I relocated to Hinesville, Georgia where I married my husband. As I prepared to live my life I held in secret from my spouse that the baby that I carried was not his. Three babies later that secret was revealed. The marriage then ended in 2006. It was in 2006 when I decided that being a single mother was not work that I felt I was ready for and I signed my kids over to my now ex-husband. I was living in and out of hotels and working two jobs to support myself. He filed for divorce, and I was ordered to pay child support making matters increasingly difficult. I can honestly say that period in my life was a challenge. It was through that pain, and betrayal that God began to minister to me in the spirit of brokenness. I felt so empty inside, and I kept looking for love in all the wrong places.

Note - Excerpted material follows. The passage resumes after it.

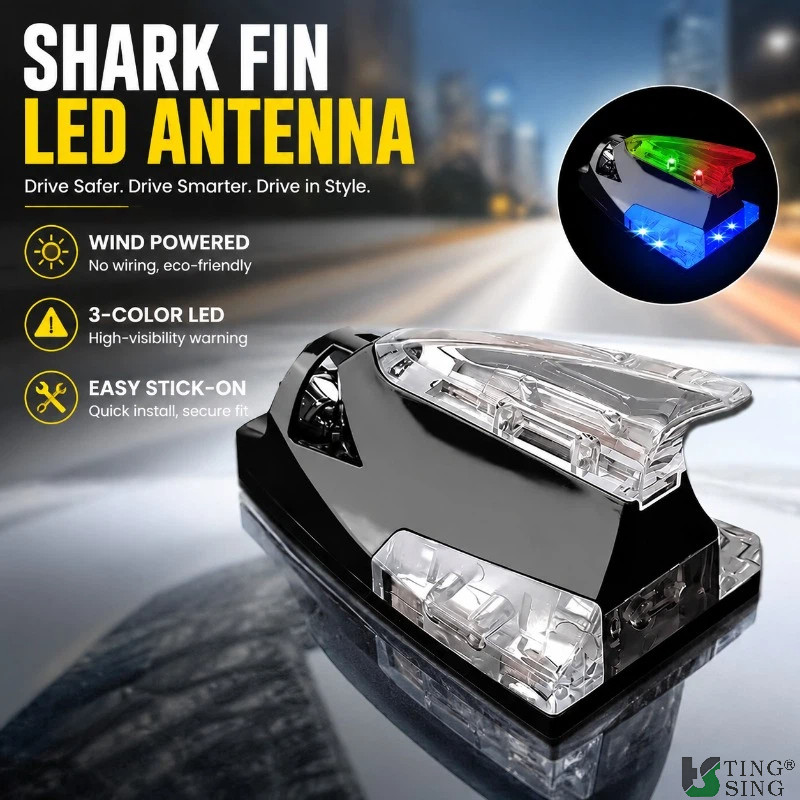 Đèn LED ăng-ten LED vây cá mập chạy bằng gió, Đèn cảnh báo tạo kiểu dáng ô tô bằng nhựa PVC, gắn trê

After many failed relationships I finally found one that I thought would help me to settle down. I was still living in sin though, so it was never really perfect. He was in college, and I worked at a Goodwill plant in Savannah, Georgia. I went from homeless shelter to homeless shelter trying so hard to get it together. It seemed like through the years I would surrender to God but not completely and wholeheartedly. This erratic behavior caused a lot of instability in my life, and it took several more years for me to finally get it together. I moved again in 2009 to Macon, Georgia where I got a job working at a Dairy Queen, and things seemed like they were starting to look up for me. I stayed at that job for a whole year before I left and went to work at a Walmart. Fast forward to 2010, I got a phone call from my mother that my granny was very very sick and that she probably would not make it through the night. In the wee hours of the morning, I received another phone call that she was gone. I was not close to her, so it hurt but not tremendously.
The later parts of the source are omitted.